Fact Check

Breast Milk Drank by Co-Worker

Did your coffee taste a little bit special this morning?

Published Nov. 10, 1998

Claim:

Claim:   A woman just returned from maternity leave circulates a chiding memo after someone helps himself to the "special" milk she's left in the office refrigerator.


LEGEND


Example:   [Collected on the Internet, 1997]


"Whoever used the milk in the small plastic container that was in the refrigerator yesterday, please do NOT own up to it. I would find it forever difficult to meet your gaze across a cafeteria table whilst having a discussion about Java applets or brand identity. Just be aware that the milk was expressly for my son, if you get my drift. I will label these things from now on, but if you found your coffee tasted just a little bit special, you might think of calling your mom and telling her you love her."

 

Origins:   This memo was in circulation at least as far back as October 1996. It has since been passed around in

Milk carton

cyberspace both in e-mail and on newsgroups, and it has escaped to the offline world via morning radio shows and newspaper articles.

Its appeal is easy to understand — there is something inexplicably icky about one grown-up drinking the breast milk of another. Though we think nothing of imbibing cow's milk, the thought of downing human milk is, well, oddly disturbing. That this supposedly happened between co-workers makes it all that more embarrassing to contemplate, because the guilty party will be coming face to face with the "donor" on a daily basis.

The memo is often described as having come from "a woman at our interactive advertising agency recently returned from maternity leave." Neither the name of the agency nor the woman's is given, rendering impossible the pinning down of the story's veracity.

Though most appearances of the memo quote the woman as saying "whilst having a discussion about Java applets or brand identity," at least a few have her mentioning "a discussion about the last monthly trends or perceptual study." This item of faxlore has

clearly been monkeyed with a bit, most likely to better fit the company where this supposedly happened. (The story wouldn't fly very far if it were claimed to have happened at an interactive advertising agency a firm was using when it was common knowledge that firm wasn't engaged in anything like that. Equally, talk of Java applets wouldn't wash in an office that considers One-Write cutting edge.)

The office refrigerator is the scene of many unthinking (and occasionally premeditated) transgressions. Milk you thought would be there for your late morning coffee disappears from the container, and indeed some days your lunch seems to swallow itself — it's certainly not there when you go looking for it.
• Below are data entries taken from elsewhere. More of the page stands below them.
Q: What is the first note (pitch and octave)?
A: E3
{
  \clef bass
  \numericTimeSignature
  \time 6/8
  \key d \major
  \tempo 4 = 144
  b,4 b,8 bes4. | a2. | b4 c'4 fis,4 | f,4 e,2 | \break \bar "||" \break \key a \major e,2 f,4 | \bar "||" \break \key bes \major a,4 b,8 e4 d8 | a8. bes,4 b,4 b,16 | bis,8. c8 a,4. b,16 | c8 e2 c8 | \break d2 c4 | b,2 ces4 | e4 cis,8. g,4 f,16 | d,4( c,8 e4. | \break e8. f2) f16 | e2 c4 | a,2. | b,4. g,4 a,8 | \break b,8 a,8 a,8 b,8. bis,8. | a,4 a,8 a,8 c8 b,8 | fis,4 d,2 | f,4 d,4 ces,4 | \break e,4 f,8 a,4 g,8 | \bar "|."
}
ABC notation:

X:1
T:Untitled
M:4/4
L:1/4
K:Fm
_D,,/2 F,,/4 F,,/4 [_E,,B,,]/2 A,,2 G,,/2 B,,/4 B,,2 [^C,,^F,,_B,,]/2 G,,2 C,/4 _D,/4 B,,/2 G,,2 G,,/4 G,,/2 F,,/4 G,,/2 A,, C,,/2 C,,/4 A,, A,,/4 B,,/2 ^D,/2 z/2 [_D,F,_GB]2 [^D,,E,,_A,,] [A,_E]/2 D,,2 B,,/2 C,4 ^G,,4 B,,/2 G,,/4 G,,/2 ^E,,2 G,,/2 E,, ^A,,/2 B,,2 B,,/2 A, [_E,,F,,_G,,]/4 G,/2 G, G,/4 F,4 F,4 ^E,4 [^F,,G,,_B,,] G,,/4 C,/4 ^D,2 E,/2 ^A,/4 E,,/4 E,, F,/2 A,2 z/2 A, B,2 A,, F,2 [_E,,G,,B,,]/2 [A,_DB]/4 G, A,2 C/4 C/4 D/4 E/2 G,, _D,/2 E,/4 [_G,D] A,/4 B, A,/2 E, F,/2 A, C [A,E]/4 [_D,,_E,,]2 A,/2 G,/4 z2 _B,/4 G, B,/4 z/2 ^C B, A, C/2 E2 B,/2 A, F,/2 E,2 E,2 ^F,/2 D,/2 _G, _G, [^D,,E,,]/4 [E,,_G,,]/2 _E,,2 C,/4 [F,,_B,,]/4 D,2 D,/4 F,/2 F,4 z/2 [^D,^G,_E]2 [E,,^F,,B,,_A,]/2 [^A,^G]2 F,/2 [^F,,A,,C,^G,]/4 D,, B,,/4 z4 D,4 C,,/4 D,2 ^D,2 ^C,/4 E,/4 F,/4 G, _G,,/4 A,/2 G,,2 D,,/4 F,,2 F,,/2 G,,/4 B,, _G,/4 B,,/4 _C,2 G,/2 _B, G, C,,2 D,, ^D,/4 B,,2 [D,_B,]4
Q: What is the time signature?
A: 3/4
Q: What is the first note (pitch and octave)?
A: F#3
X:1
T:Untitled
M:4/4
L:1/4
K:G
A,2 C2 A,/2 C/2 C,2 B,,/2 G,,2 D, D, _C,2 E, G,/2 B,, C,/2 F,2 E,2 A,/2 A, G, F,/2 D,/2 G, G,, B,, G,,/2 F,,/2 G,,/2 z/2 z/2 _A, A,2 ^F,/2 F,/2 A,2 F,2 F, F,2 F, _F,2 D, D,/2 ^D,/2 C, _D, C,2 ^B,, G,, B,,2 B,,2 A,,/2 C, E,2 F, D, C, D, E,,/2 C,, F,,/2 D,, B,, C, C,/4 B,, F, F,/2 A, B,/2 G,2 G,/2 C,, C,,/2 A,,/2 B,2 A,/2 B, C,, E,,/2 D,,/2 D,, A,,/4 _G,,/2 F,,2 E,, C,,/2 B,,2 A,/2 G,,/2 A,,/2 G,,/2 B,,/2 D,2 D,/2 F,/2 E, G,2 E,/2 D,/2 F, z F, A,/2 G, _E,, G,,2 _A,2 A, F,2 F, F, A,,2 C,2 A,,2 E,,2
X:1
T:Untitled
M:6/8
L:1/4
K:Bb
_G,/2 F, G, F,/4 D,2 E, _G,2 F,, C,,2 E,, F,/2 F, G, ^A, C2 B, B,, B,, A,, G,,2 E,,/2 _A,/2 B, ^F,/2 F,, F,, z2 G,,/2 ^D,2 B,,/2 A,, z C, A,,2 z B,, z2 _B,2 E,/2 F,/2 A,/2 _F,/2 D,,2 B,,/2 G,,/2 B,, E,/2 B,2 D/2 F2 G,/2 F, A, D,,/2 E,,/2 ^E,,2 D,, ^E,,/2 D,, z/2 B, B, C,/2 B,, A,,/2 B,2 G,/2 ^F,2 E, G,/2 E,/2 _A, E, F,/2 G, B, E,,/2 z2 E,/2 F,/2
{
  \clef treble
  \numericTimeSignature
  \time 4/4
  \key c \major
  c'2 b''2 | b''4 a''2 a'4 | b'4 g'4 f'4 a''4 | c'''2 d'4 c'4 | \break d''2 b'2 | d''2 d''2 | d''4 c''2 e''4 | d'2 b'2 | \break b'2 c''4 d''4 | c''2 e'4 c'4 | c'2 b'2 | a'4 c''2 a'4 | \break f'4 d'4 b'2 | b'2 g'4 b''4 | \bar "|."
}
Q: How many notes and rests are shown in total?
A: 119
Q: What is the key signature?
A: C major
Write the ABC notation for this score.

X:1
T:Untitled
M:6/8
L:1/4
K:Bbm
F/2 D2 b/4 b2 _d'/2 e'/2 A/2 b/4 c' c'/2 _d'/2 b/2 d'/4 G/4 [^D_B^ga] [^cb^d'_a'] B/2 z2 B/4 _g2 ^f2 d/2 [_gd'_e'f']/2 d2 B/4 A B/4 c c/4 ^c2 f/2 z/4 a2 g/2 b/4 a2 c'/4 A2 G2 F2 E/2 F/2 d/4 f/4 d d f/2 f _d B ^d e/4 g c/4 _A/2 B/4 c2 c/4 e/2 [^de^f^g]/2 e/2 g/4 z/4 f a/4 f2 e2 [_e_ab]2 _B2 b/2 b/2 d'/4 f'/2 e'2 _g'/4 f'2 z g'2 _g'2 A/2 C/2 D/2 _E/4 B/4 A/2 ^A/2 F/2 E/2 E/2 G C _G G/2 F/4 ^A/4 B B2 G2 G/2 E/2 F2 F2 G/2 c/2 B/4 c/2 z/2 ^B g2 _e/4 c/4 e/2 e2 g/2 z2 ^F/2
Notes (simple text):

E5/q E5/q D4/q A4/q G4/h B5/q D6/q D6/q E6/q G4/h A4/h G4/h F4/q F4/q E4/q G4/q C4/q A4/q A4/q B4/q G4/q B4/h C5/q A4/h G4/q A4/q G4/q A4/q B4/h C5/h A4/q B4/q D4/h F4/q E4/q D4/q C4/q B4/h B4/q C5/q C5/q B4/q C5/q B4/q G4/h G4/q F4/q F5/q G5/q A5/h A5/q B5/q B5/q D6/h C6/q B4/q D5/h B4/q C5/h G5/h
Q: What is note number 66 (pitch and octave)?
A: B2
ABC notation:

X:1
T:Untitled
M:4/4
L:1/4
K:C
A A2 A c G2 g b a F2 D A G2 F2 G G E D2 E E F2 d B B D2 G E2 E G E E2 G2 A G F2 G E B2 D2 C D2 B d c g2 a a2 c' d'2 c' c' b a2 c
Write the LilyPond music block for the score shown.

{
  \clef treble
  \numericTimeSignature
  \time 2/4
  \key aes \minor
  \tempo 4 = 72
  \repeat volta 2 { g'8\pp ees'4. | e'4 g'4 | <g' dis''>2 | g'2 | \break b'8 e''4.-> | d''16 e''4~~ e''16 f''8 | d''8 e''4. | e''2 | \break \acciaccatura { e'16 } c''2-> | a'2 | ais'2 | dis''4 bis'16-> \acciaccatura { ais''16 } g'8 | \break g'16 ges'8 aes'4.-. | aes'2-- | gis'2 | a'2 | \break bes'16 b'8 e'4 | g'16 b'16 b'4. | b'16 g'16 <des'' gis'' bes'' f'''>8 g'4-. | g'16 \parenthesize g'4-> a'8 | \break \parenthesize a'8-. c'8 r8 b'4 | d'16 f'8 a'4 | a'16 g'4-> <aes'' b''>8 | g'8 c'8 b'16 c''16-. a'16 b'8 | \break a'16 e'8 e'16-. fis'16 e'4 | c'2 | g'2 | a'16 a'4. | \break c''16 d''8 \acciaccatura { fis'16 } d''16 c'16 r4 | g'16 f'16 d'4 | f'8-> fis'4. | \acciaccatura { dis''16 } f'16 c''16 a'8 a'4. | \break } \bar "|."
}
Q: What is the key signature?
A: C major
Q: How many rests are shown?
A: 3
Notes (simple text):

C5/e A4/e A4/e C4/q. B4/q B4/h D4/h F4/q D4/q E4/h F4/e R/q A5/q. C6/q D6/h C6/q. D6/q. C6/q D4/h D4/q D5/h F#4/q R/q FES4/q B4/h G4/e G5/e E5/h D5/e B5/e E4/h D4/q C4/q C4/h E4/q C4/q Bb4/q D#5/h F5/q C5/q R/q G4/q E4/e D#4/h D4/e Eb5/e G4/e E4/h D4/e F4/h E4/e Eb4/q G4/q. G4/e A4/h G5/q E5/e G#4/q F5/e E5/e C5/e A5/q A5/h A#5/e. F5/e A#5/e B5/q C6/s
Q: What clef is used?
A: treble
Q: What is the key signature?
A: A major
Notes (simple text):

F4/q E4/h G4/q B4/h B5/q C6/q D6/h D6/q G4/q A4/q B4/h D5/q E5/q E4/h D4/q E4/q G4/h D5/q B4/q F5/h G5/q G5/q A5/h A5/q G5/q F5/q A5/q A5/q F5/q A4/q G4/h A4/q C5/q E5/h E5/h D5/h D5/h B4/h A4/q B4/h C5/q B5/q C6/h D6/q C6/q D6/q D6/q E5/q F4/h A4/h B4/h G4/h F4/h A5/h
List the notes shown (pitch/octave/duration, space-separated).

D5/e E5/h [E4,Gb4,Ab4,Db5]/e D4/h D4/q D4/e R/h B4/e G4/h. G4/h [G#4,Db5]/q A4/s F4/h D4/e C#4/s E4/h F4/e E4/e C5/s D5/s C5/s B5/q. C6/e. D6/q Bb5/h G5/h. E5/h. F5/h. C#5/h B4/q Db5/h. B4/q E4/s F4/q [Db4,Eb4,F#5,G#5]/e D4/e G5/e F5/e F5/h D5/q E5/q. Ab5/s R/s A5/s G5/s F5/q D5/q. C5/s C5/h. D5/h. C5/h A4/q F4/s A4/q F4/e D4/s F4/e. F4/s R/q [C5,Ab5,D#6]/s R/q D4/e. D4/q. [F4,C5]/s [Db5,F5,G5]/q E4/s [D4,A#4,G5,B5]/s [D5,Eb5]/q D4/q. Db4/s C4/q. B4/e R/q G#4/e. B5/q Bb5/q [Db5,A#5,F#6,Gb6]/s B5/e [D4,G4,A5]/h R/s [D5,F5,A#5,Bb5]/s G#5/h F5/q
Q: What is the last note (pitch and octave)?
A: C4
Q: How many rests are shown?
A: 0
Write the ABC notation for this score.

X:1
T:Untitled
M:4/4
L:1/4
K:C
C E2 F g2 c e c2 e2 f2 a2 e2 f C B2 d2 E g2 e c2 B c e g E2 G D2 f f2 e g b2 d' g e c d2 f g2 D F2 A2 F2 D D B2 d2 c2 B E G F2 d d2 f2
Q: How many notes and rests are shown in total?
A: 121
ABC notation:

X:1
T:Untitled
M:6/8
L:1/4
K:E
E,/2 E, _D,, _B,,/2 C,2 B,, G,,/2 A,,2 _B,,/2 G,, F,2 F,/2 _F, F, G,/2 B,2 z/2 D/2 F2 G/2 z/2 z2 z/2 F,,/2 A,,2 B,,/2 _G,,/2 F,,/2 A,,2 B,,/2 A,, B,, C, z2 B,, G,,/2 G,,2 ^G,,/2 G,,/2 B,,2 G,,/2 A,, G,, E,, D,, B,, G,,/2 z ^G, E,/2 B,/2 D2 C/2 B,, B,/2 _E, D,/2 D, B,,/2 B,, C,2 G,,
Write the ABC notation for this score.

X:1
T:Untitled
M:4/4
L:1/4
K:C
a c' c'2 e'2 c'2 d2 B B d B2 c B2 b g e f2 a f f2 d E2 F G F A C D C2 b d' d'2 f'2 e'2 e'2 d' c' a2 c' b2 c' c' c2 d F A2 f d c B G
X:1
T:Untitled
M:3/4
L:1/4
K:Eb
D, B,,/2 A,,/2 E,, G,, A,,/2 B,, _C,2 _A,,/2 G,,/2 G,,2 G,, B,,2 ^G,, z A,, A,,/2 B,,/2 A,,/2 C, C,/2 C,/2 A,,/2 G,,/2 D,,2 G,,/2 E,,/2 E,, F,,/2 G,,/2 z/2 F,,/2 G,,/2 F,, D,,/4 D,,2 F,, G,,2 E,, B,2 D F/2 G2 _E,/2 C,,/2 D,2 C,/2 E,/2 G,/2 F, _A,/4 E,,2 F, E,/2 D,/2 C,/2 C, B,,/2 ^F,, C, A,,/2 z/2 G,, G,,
Picturing a refrigerator raider getting his comeuppance in this fashion is deeply satisfying: What could be more socially awkward than having to face, day after day, the woman whose breast milk you pilfered?

A Reader's Digest "Campus Comedy" entry from the early 1970s gives a gentler, yet recognizable, version of the legend. It tells of a note left on the dorm fridge that announced: "Whoever ate the contents of a container marked 'Stanley,' beware. It was my biology experiment."

This theme of the office pilferer drinking the wrong thing swiped from the refrigerator isn't uncommon, but usually the bodily fluid in question is urine, not milk. (A well-remembered scene in the TV show Hill Street Blues has Lt. Hunter drinking what he thinks is apple juice, then pulling a face just as Lt. Goldblume addresses the room with, "All right; which one of you clowns took my urine sample?")

A related legend Brunvand calls "The Stolen Specimen" takes place outside of the office. A urine sample to be transported to a lab is stored in a liquor bottle, and the bearer is relieved of it by a thief. Again, the enjoyment of the legend comes from being able to picture the wrongdoer getting a mouthful he'd much rather not have.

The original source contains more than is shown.